Your goal
If you see a picture in the data below, omit it and copy the rest exactly.
═══ Data
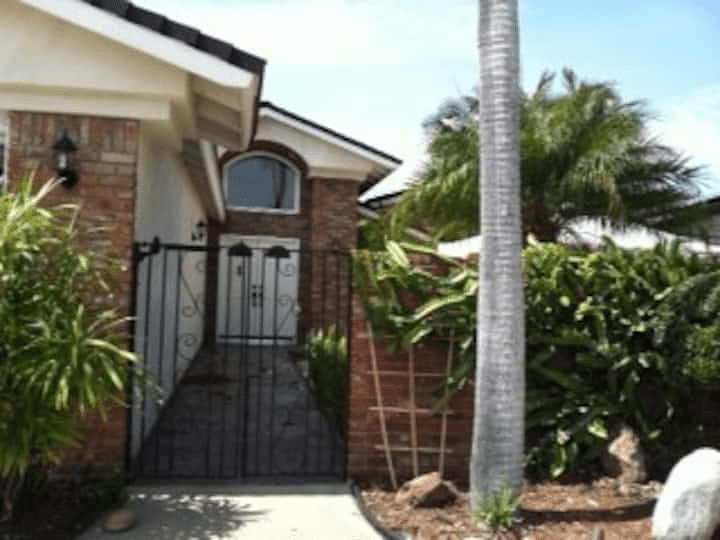 Furnished Finder property 256452_1 photo 12
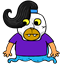 jnnrbr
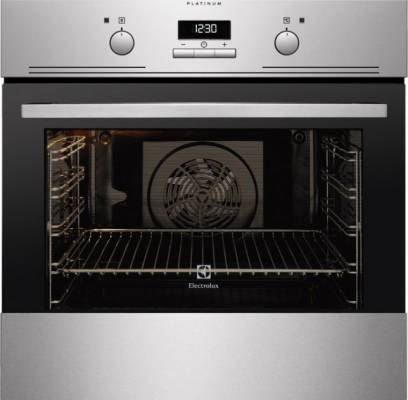 Electrolux EOB93450AX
══════
Reply
 Furnished Finder property 256452_1 photo 12
 jnnrbr
 Electrolux EOB93450AX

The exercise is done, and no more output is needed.